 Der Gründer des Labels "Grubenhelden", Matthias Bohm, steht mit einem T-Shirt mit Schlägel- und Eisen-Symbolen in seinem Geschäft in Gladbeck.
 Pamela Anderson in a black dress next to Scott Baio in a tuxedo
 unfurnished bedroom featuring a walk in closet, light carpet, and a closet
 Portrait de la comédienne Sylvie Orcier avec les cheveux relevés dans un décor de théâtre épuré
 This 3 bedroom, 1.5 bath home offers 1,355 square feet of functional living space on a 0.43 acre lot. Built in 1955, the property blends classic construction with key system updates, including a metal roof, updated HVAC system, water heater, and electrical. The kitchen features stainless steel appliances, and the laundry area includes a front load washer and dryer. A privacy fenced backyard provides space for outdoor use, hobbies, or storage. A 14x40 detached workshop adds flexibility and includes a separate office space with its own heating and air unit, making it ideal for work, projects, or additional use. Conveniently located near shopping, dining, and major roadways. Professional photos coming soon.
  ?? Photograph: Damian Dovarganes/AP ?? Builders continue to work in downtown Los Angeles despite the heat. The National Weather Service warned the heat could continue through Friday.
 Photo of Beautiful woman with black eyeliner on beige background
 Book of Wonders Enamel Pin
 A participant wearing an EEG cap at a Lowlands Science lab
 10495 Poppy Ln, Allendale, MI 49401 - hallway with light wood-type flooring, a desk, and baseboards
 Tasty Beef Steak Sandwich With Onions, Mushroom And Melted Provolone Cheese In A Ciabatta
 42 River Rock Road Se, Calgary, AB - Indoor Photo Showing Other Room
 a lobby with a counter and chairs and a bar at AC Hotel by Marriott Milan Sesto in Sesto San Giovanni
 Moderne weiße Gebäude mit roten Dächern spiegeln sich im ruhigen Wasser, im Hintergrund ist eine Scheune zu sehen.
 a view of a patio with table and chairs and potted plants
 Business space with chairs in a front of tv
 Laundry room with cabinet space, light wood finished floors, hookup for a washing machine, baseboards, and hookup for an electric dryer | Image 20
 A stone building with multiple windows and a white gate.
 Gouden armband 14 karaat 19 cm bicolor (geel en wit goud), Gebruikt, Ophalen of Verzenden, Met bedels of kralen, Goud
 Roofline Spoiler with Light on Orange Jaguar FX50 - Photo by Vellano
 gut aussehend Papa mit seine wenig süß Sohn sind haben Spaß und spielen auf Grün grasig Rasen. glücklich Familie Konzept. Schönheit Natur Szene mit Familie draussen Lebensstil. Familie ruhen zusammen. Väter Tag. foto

=== Task ===
One number only, please: the count of lines in the data that hold the word "baseboards".

=== Answer for the task ===
2